On January 28, 2010, the US Patent and Trademark Office (USPTO) announced that it was temporarily waiving the more cumbersome reconsideration process and the accompanying $200 fee. For the time being, eligible patentees may request a Wyeth-based reconsideration simply by submitting USPTO form PTO/SB/131, which requires only identifying information regarding the patent, and which does not require the patentee to undertake an analysis justifying the additional patent term. After reviewing the request, the USPTO will inform the patentee if any adjustment was made to the patent term.

Recalculation requests must satisfy three criteria to be eligible for the process. First, they must be made within 180 days of issuance. Second, the patent must have issued prior to March 2, 2010 (when the PTO expects to have corrected the computer program it uses for calculating patent term extensions). Finally, the holding in Wyeth must be the only basis for reconsideration.

It is important to recognize that this special procedure does not toll the filing deadline for actions for District Court review of USPTO determinations. That deadline, which also is 180 days from patent issuance, remains in place. Any patentee that takes advantage of the streamlined reconsideration process should promptly file an action in the US District Court for the District of Columbia as well. Unless it does so, the patentee may have no recourse should the USPTO err in recalculating the adjustment.

Patent Term Adjustments and Wyeth

Whether a patent-term adjustment warrants correction based on Wyeth requires a reanalysis of the USPTO’s original patent term adjustment calculation in view of the patent’s prosecution history. The American Inventors Protection Act of 1999 entitles patent holders to extensions of their patent terms (normally 20 years from the date the patent application was filed) in order to compensate for any USPTO-caused delays. The law divides USPTO delays into three categories:

  • “A Delays” are created when the USPTO fails to respond to an applicant’s filings within a specified time frame.
  • “B Delays” accrue when the USPTO fails to issue a patent within three years of the filing date.
  • “C Delays” are related to secrecy orders, interference proceedings and successful appellate reviews.

The total patent term adjustment, however, is not simply the total of the A, B and C Delays. First, the adjustment is reduced by any delays caused by the applicant. Second, each day of delay caused by the USPTO must be counted only once. Prior to Wyeth, the USPTO interpreted this to mean that A and C Delays overlapped by definition with B Delays. As a result, when calculating a patent term adjustment, the USPTO would use either the longer of A and C Delays or B Delays, and would never combined the two.

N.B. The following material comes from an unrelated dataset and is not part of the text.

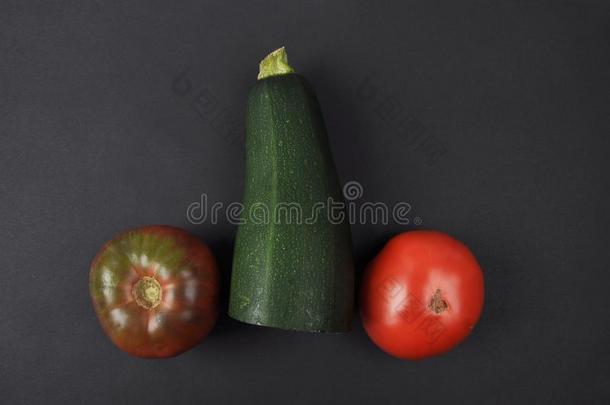 <strong>番茄</strong>和夏季产南瓜之一种向黑的背景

In Wyeth, the Federal Circuit sided with the patent-owners’ challenge to the USPTO’s approach. The court reasoned that an A Delay could “overlap” with a B Delay only after the B Delay began. Accordingly, the court held that only delays accruing three years after the application was filed overlap with B Delays. As a result, the correct patent term adjustment calculation is:
A Delays + B Delays + C Delays – Overlap (i.e., A or C Delays occurring three years after filing) – Applicant Delays.

One of the patents at issue in Wyeth dramatically illustrates the potential import of this decision. During prosecution of the patent, there were 336 days of A Delays (106 of which occurred three years after filing), 827 days of B Delays and 335 days of applicant delay. Applying its approach, the USPTO calculated an adjustment of 492 days (i.e., 827 B Delays – 335 applicant delays). The Federal Circuit, however, held that the patentees were entitled to 722 days (i.e., 336 A Delays + 827 B Delays – 106 Overlap – 335 applicant delays).